_WHAT IS REQUIRED:_ I would like the lines below, from the one with "Bauer Roster Adult Black T Shirt" through the one with "ü 4G GPS ϵ ũ", copied exactly and without any pictures.

_DATA FOR PROCESSING:_
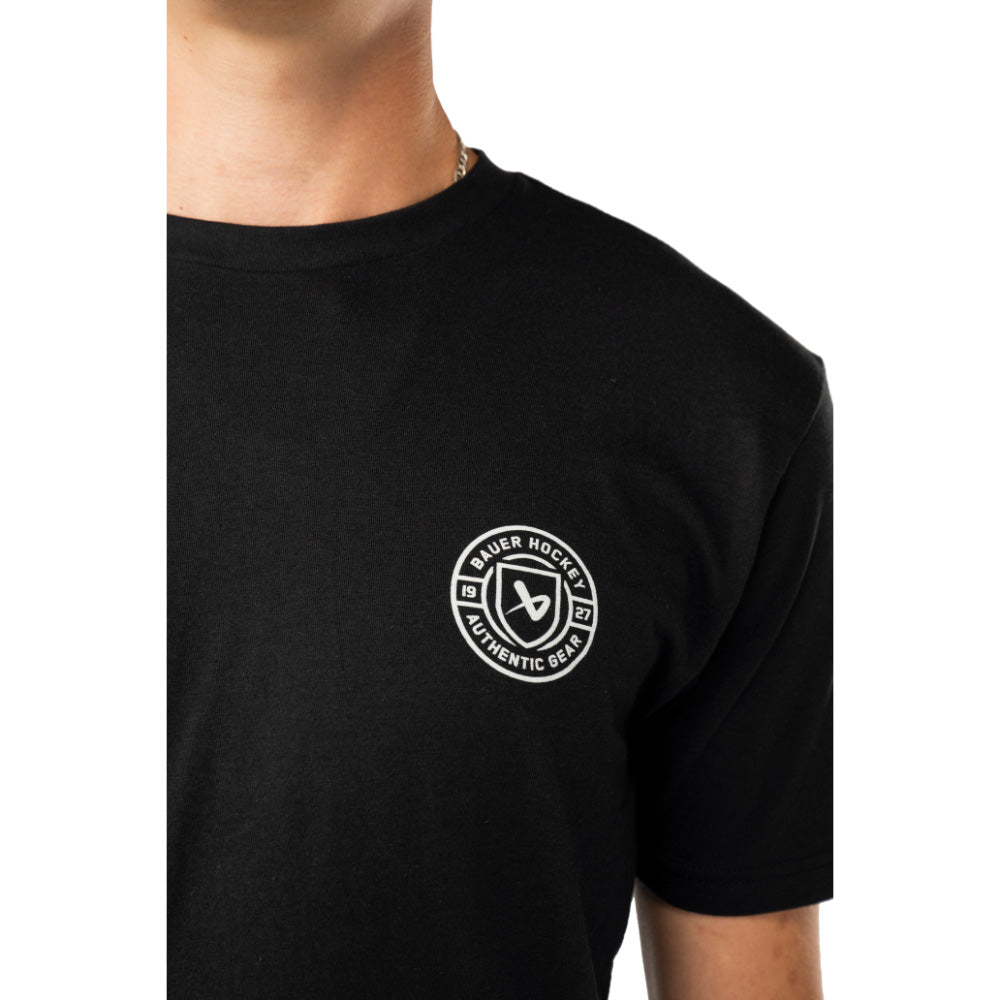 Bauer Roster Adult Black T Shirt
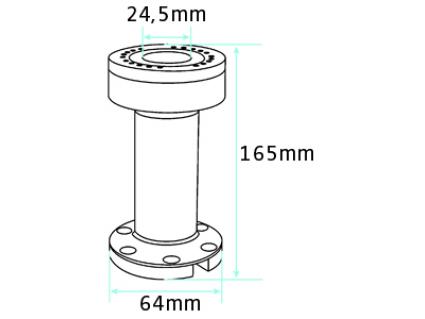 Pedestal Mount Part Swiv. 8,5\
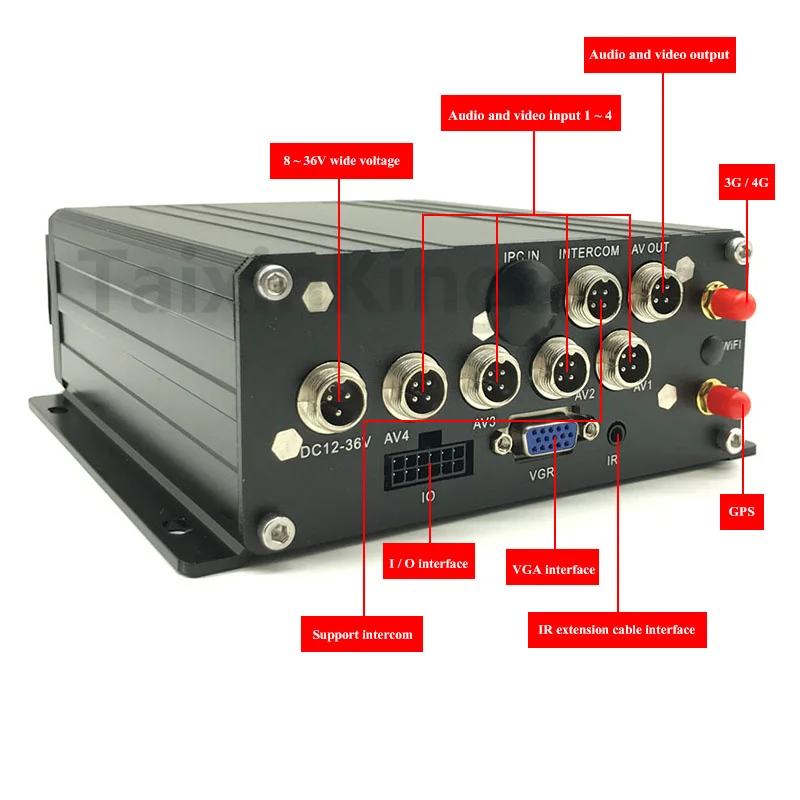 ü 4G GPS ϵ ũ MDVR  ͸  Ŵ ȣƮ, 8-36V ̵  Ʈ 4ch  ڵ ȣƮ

==

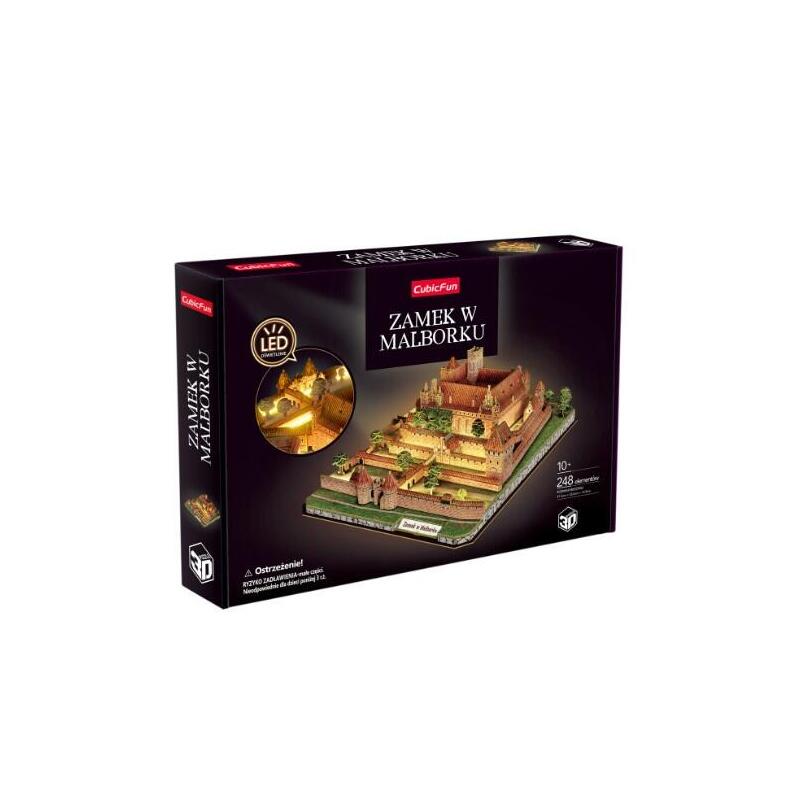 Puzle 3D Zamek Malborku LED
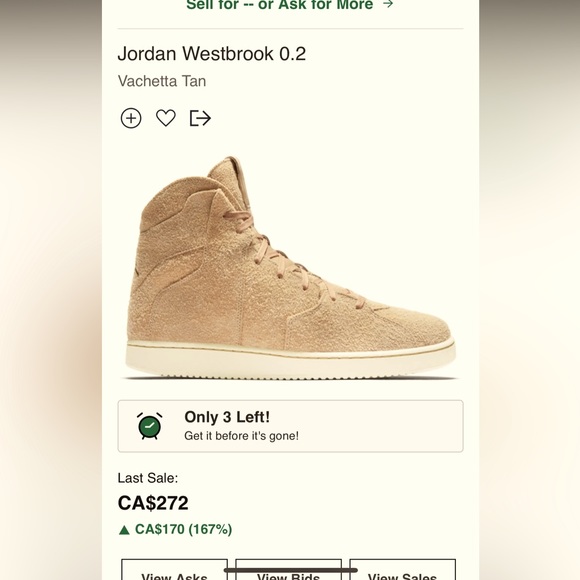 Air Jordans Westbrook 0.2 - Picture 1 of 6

_SOLUTION TO THE PROBLEM:_
 Bauer Roster Adult Black T Shirt
 Pedestal Mount Part Swiv. 8,5\
 ü 4G GPS ϵ ũ MDVR  ͸  Ŵ ȣƮ, 8-36V ̵  Ʈ 4ch  ڵ ȣƮ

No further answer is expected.